I cecchini della libertà

di Lanfranco Binni

[Questo articolo è stato pubblicato sul numero 4 de Il Ponte – aprile 2014]

I cecchini della libertàArriva la tempesta. Alla vigilia della prossima crisi finanziaria globale, preannunciata dalla crisi del 2008, la guerra in corso tra poteri finanziari e politici per il controllo delle aree di influenza e di dominio sta accelerando strategie attive di posizionamento degli attori principali su tutti gli scenari. L’iniziativa è agli Stati Uniti e all’Unione europea. Ci sono società da disintegrare, mercati da «liberare», processi «democratici» da imporre con la forza delle armi e con le armi della comunicazione. Il percorso è tracciato dagli anni novanta del secolo scorso: Jugoslavia, Iraq, Afghanistan, «primavere arabe», Libia, Iran, Siria, Grecia, oggi Ucraina e Venezuela, prossimamente Russia e Cina. Sono soltanto gli scenari principali, ai quali si aggiungono le numerose guerre locali, più o meno “coperte”, in tutto il mondo.

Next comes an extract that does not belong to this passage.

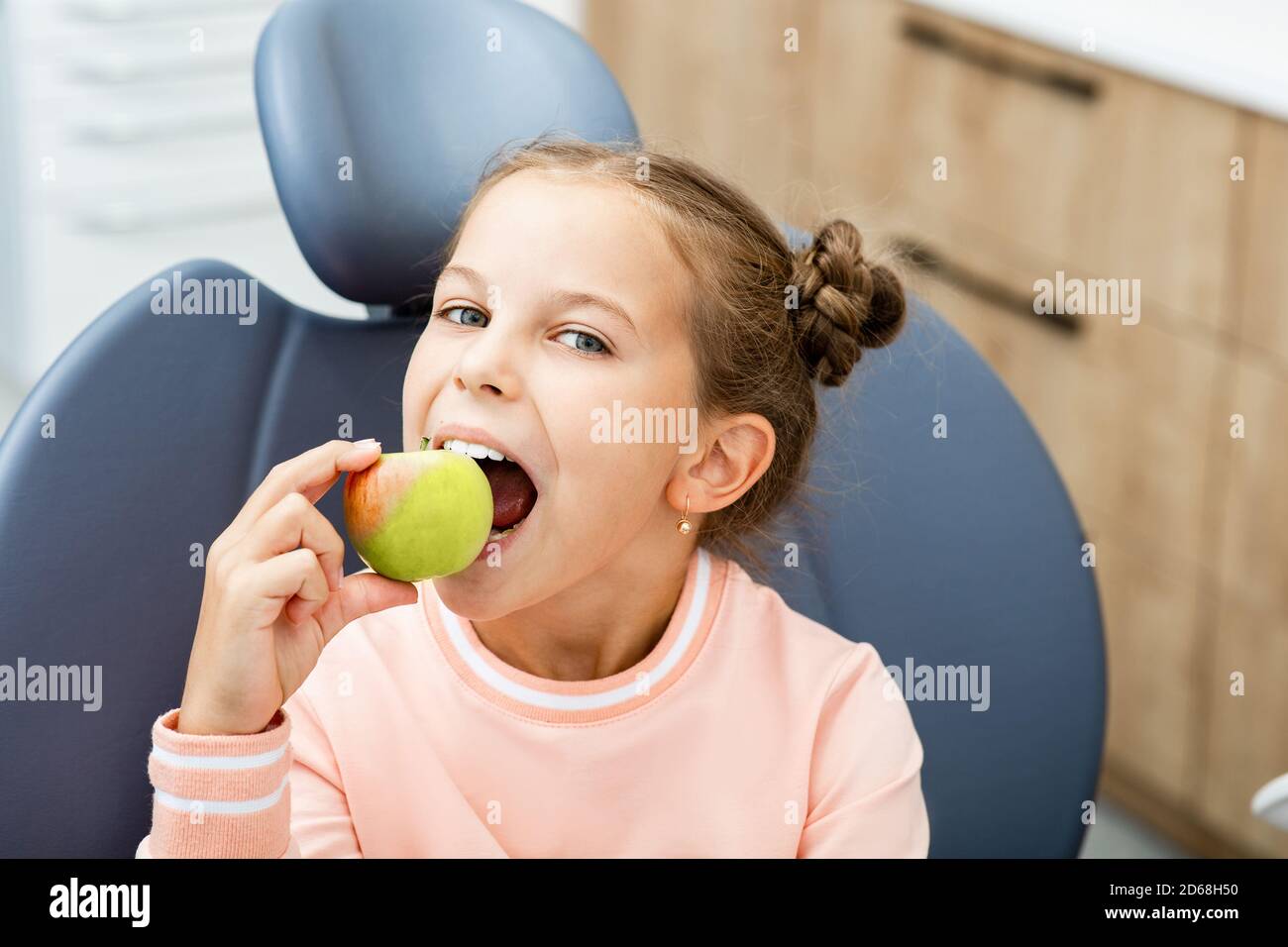Soins des dents pour enfants. Fille souriante piquant une pomme, dans la chaise du dentiste. Banque D'Images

Dagli anni novanta, dopo la caduta del muro di Berlino e l’implosione dell’Unione Sovietica, lo schema tattico politico-militare è sempre lo stesso, sperimentato e attuato dall’Unione europea a guida tedesca e dagli Stati Uniti nella disgregazione della Federazione jugoslava: in quel caso, il sostegno all’indipendenza della Croazia e della Slovenia, con politiche di divisione e pulizia “etnica” che avrebbero massacrato la multietnica Bosnia Erzegovina, fino all’indipendenza del Kosovo sancita da un referendum secessionista preparato dai bombardamenti della Nato. Le successive aggressioni americane all’Iraq e all’Afghanistan, con la partecipazione attiva dell’Unione europea e della Nato, introdussero il nuovo delitto internazionale delle «guerre umanitarie» a copertura degli interessi della “democrazia” occidentale: risorse energetiche e dominio su aree strategiche da un punto di vista geo-politico. Stati Uniti e Unione europea conducono un gioco di squadra, articolando gli strumenti tattici nel rispetto dei propri interessi economici, talvolta contraddittori.